Bonaparte, Thiers, de Mac-Mahon, Grévy, Carnot, Casimir-Périer, Faure, Loubet, Fallières, Poincaré, Deschanel, Millerand, Doumergue, Doumer, Lebrun, Auriol, Coty, de Gaulle, Pompidou, d’Estaing, Mitterrand, Chirac, Sarkozy, Hollande, Macron. DSK / AFP

La France politique n’a pas historiquement le sens du compromis. Sans doute une autre « révolution » à faire sur ce plan, exigée par les temps présents.

On n’imagine pas ce pays « révolutionnaire », sur-politisé et agité qu’est la France, séparant de manière radicale les ordres sociaux au sortir du moyen âge, puis inventeur du schisme idéologique droite-gauche, baigner dans une culture de compromis et d’arrangements politiques sereins entre adversaires, voire « ennemis » idéologiques. Même les gouvernements de coalition, au cas où le parti majoritaire ne dispose pas de la majorité absolue, et contrairement aux cas allemands ou scandinaves, sont habituellement constitués au sein des mêmes familles politiques, de droite ou de gauche, et non entre ces deux blocs idéologiques ennemis, attiédis pourtant depuis quelques décennies, et notamment depuis la désagrégation communiste.
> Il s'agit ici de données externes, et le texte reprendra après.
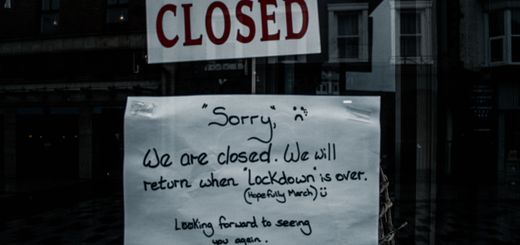A shop window in Darlington, England displays a closed sign due to lockdown.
Pays de révolution, la France est appelée sans doute à faire une autre « révolution », celle du compromis politique et social.

Il est certes arrivé que des présidents français de droite nomment au gouvernement des hommes de gauche modérés, ou inversement que des présidents de droite désignent des personnalités de gauche modérées. Mais on n’a jamais vu de véritables alliances de gouvernement entre la gauche et la droite, lorsque l’une ou l’autre a pu disposer d’une majorité aux élections. Le fait que certains gouvernements de droite ou de gauche étaient souvent chargés de symbolique en rapport avec leur réussite – Front populaire et acquis sociaux, gouvernement gaulliste et stabilité institutionnelle et trente glorieuses – ne facilite pas les choses.

Aussi spectaculaire soit-elle, la cohabitation ne peut à l’évidence être considérée comme une alliance ni comme une forme d’alliance. Elle s’est imposée institutionnellement en France, et tardivement, à la faveur des circonstances politiques. Facilitée par le déroulement successif des deux élections présidentielles et législatives, et par le risque, en cas de dissolution maladroite du Parlement par le président, de faire perdre à celui-ci sa propre majorité au profit de l’autre camp (cas de la dissolution du Parlement par le président Chirac).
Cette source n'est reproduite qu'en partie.